[Source data]
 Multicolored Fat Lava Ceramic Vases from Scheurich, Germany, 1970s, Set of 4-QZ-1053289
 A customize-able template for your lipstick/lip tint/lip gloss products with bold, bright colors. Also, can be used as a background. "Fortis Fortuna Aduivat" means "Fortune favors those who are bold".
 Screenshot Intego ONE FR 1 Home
---
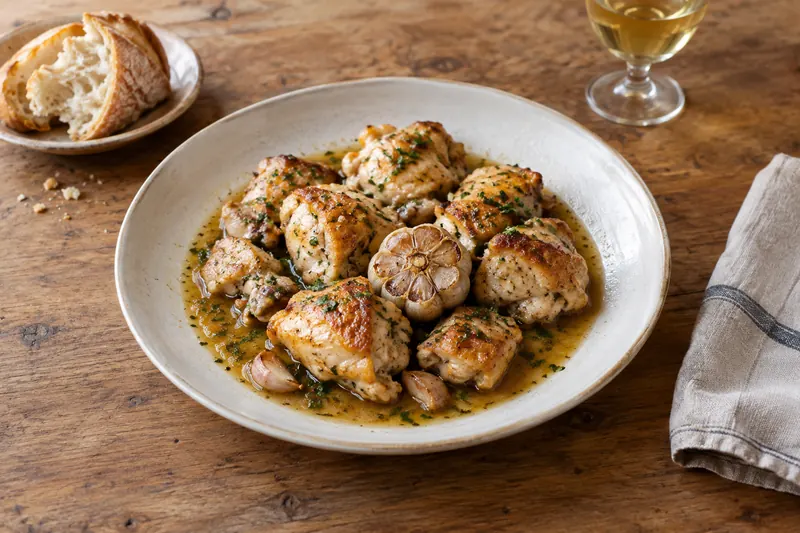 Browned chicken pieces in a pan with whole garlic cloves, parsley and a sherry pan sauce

[What this task involves]
Output exactly one stretch of the listing: from the line containing "Multicolored Fat Lava" through the line containing "Screenshot Intego ONE FR 1 Home", both end lines included.

[Task solution]
 Multicolored Fat Lava Ceramic Vases from Scheurich, Germany, 1970s, Set of 4-QZ-1053289
 A customize-able template for your lipstick/lip tint/lip gloss products with bold, bright colors. Also, can be used as a background. "Fortis Fortuna Aduivat" means "Fortune favors those who are bold".
 Screenshot Intego ONE FR 1 Home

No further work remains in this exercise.